My mother, who had been talking to the minister, walked over when she saw me putting food on a plate.
“Are you sure you want all that?”
“All what?” I asked, looking at my plate. It held two pieces of cheese, four crackers, half a deviled egg, a tablespoon of potato salad, and a brownie. “The only thing I’ve had today is coffee.”
“Well,” she said grudgingly, “just so you don’t start channeling your grief into food. I’m just saying, you had to work so hard to take off the weight. It’d be a shame if you gained it all back. So many do. The people on that show, the one where they go to that camp and compete to lose all that weight? I read a story just last week saying the winners almost always gain it back.”
“Mom, I’m not going to gain back the weight. I’ve kept it off for thirteen years.”
“I know,” she said, watching nervously as I ate a piece of cheese. “I’m just saying—people do. And you’ve been through a terrible loss. You holding up okay, Grace?”
I nodded. “I’m fine. It’s been hard, but I’m fine.”
“Good.” She put her arm around my waist. “You’ve been so brave, honey. When Jamie had his accident, I didn’t think you’d be able to cope. But you did and I’m real proud of you. You took good care of him.”
My mother, a glass-half-full person, who believed it was important to keep her children from getting “a big head,” was never one to throw away compliments, so her comments surprised me. I was a little curious to know why she thought I might not be able to cope, but decided I was better off not knowing.
“Thanks, Mom.”
“So what are you going to do now?”
“Well,” I said, “my flight leaves out of Minneapolis at eight o’clock tomorrow morning, so I hope I can get on the road before dark. I’d like to get at least a few hours of sleep. There’s a little bit of paperwork I still need to do to get the ashes shipped out to me.”
She tilted her head far to the right. “Shipped? Do you mean you’re not going to bury them here?”
“No.”
“Why not?”
“Because I don’t think that’s what Jamie would want. I talked it over with Penny and Jerry and they agree.”

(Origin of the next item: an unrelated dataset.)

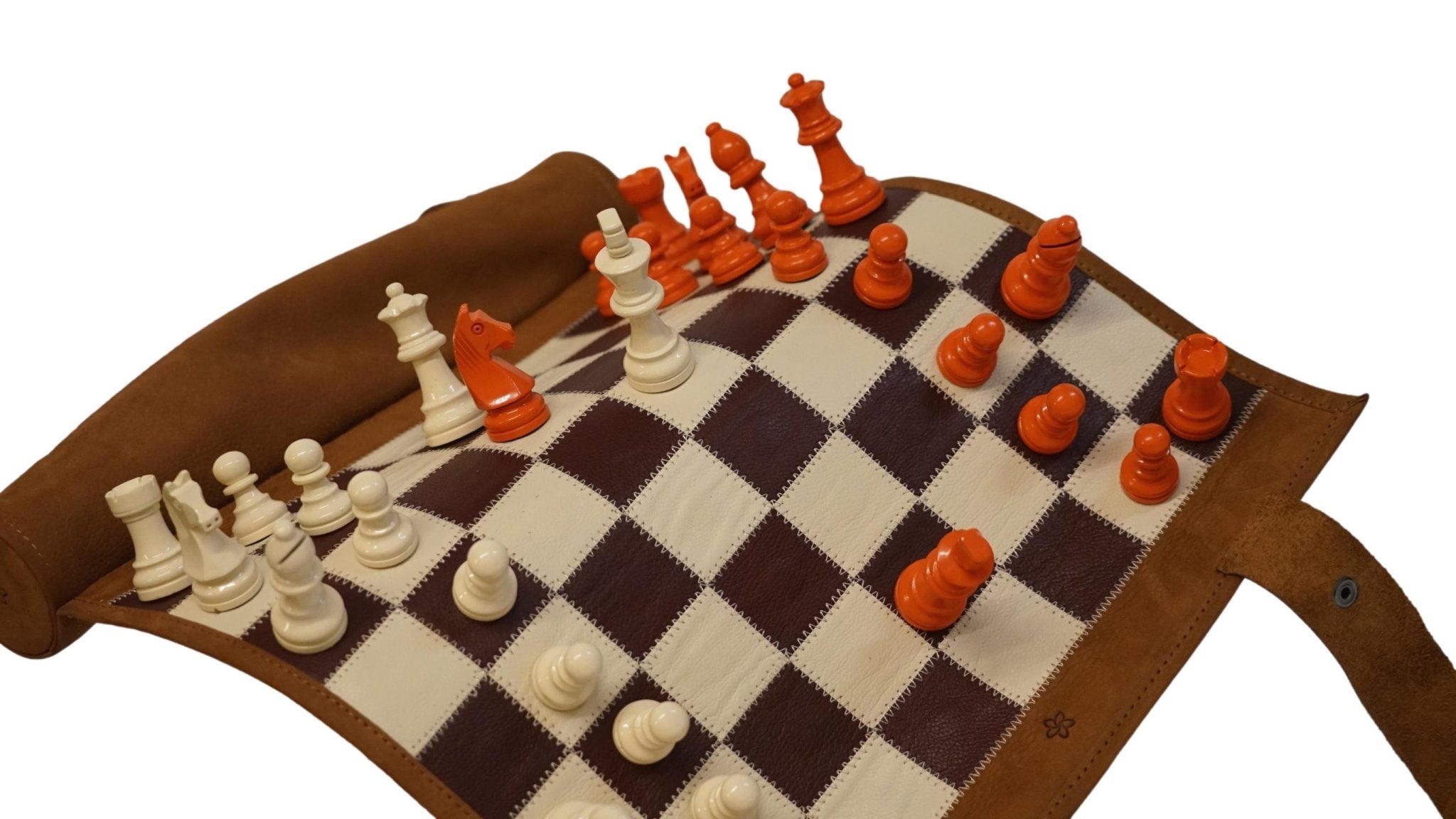 Ensemble d'échecs roulable magnétique - Cuir véritable - Gold - ensemble d'échecs luxe classique jeu d'échecs de voyage en cuir véritable - Rouge et Noir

My mother set her mouth, the way she always does when she’s irritated with something I’ve done. Growing up, I saw that look on her face at least twice a day, sometimes more. It got to the point where I realized that her expression wasn’t even necessarily related to my actions. Sometimes, my mere existence irritated her.
That hurt: I won’t pretend that it didn’t. When I was a kid, I wanted nothing more than to please my mother, but somehow I never could. Jamie said that it wasn’t me, it was my mom; that she was the kind of person who just couldn’t be pleased with anyone. It wasn’t until Jamie and I moved into that little apartment over his folks’ garage and I saw firsthand how a happy family operates that I realized he was right.
It wasn’t my fault. It wasn’t Mom’s either. She wasn’t wired for happiness.
“Grace,” she said impatiently. “Answer my question. What are your plans? When are you coming home?”
“Home? You mean back to Minnesota? Mom, I’m not. My job is in Portland now.”
“And your family is here!” She clicked her tongue and set her mouth yet again. “For heaven’s sake, Grace. You can always find another job. Family is irreplaceable.”
I looked at my mother, the thin woman with the thin smile and the unhappy heart. Then I looked across the room at Nan, whose heart was infinite, who took in strays of all kinds—four-and two-legged—and nurtured by nature, who had swallowed back her greatest fear to fly halfway across the country so I would know she cared, and I realized that my mother was right. Family, wherever you may find it, is irreplaceable.
“I’ll call you when I get to Portland. I’ll be out to visit at Christmas.” I leaned forward and kissed her on the cheek. “I love you, Mom.”